## ABOUT THIS TASK
Please write out the whole listing that follows exactly; the pictures stay out.

## EXTRACTED ENTRIES
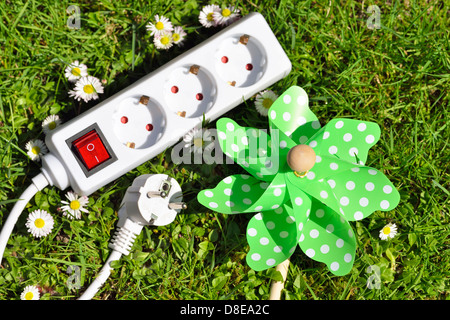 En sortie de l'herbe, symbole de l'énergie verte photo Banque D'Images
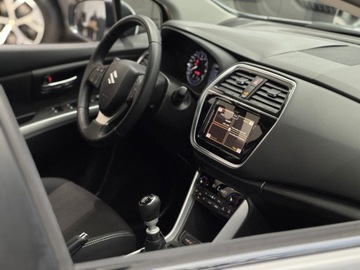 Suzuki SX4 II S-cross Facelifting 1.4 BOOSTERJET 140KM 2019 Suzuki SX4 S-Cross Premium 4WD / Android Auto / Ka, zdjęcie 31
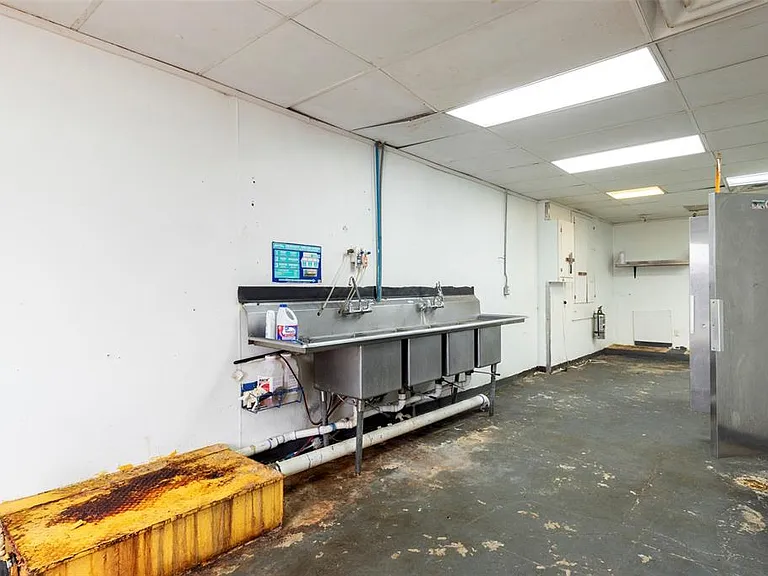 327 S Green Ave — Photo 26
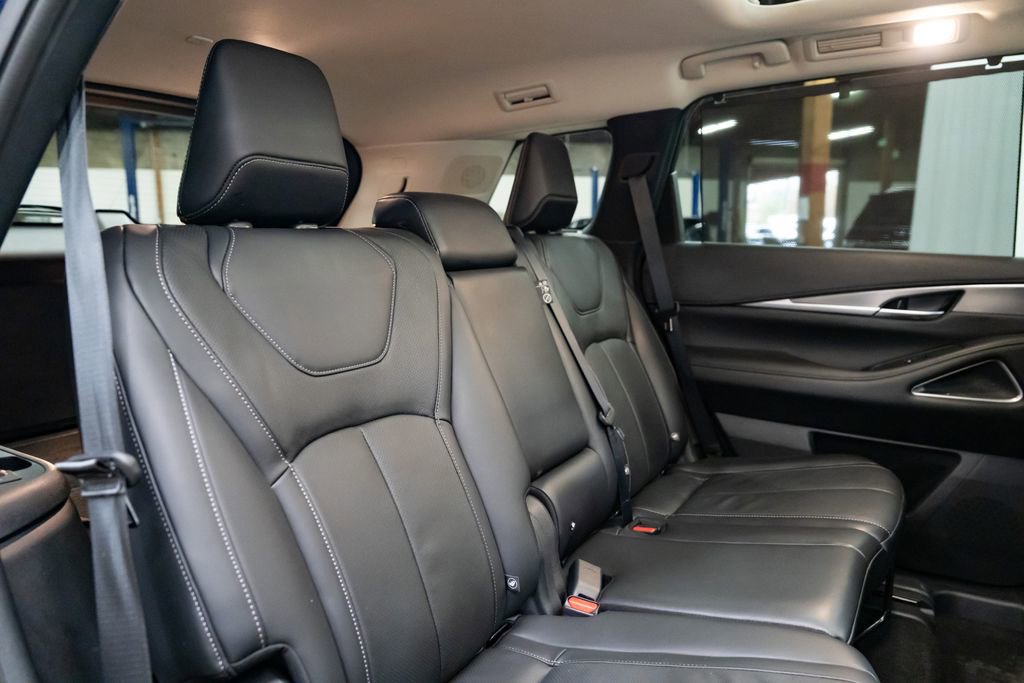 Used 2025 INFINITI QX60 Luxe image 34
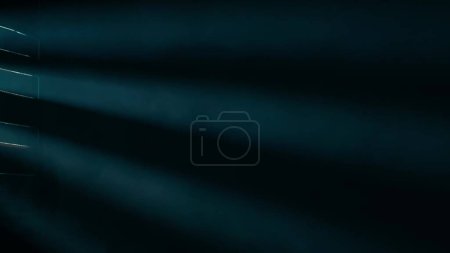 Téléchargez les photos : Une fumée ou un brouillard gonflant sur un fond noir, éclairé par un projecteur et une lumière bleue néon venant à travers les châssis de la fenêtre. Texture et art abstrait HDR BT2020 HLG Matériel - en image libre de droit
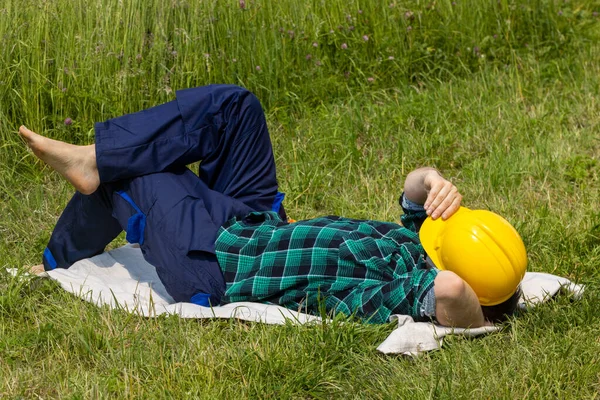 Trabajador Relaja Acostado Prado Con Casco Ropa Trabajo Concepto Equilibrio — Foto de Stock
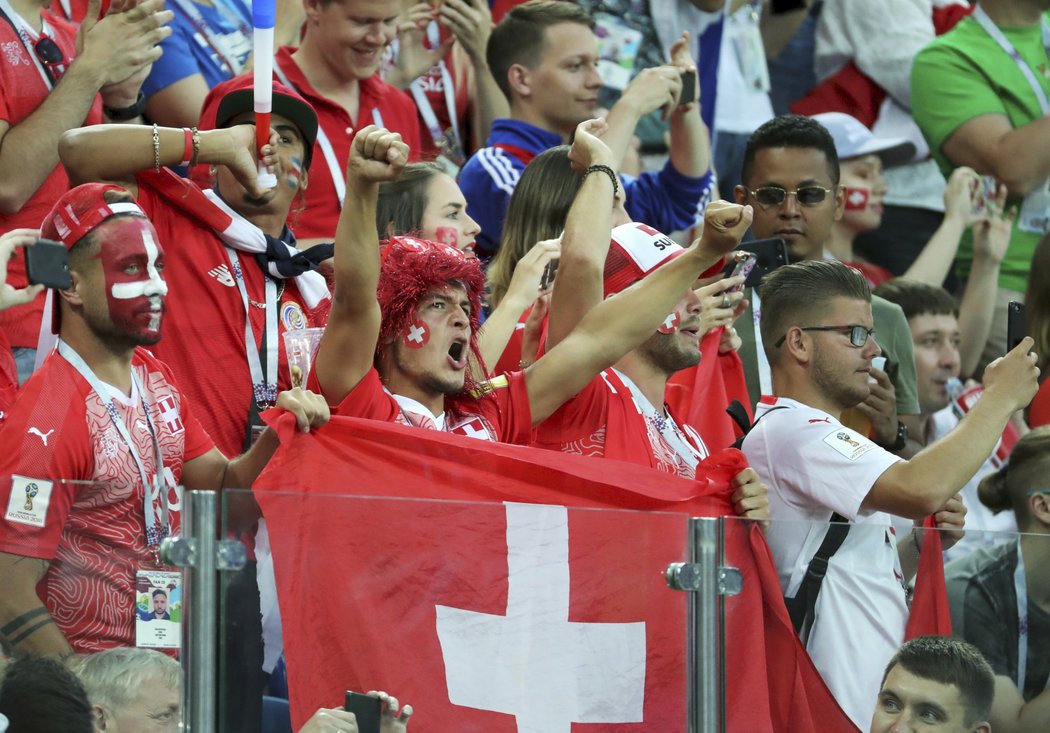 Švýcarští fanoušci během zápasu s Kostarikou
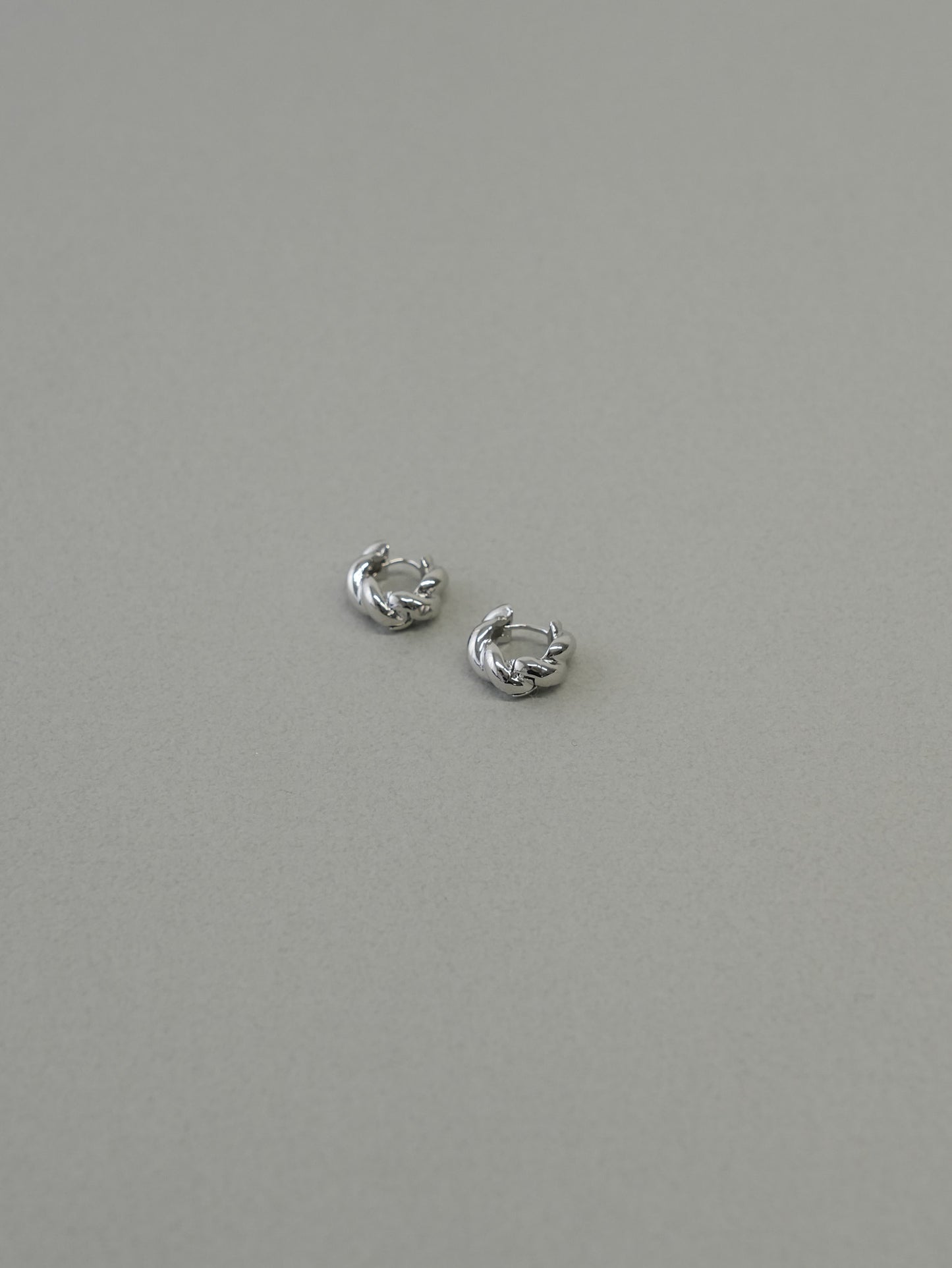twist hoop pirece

## EXERCISE RESULT
 En sortie de l'herbe, symbole de l'énergie verte photo Banque D'Images
 Suzuki SX4 II S-cross Facelifting 1.4 BOOSTERJET 140KM 2019 Suzuki SX4 S-Cross Premium 4WD / Android Auto / Ka, zdjęcie 31
 327 S Green Ave — Photo 26
 Used 2025 INFINITI QX60 Luxe image 34
 Téléchargez les photos : Une fumée ou un brouillard gonflant sur un fond noir, éclairé par un projecteur et une lumière bleue néon venant à travers les châssis de la fenêtre. Texture et art abstrait HDR BT2020 HLG Matériel - en image libre de droit
 Trabajador Relaja Acostado Prado Con Casco Ropa Trabajo Concepto Equilibrio — Foto de Stock
 Švýcarští fanoušci během zápasu s Kostarikou
twist hoop pirece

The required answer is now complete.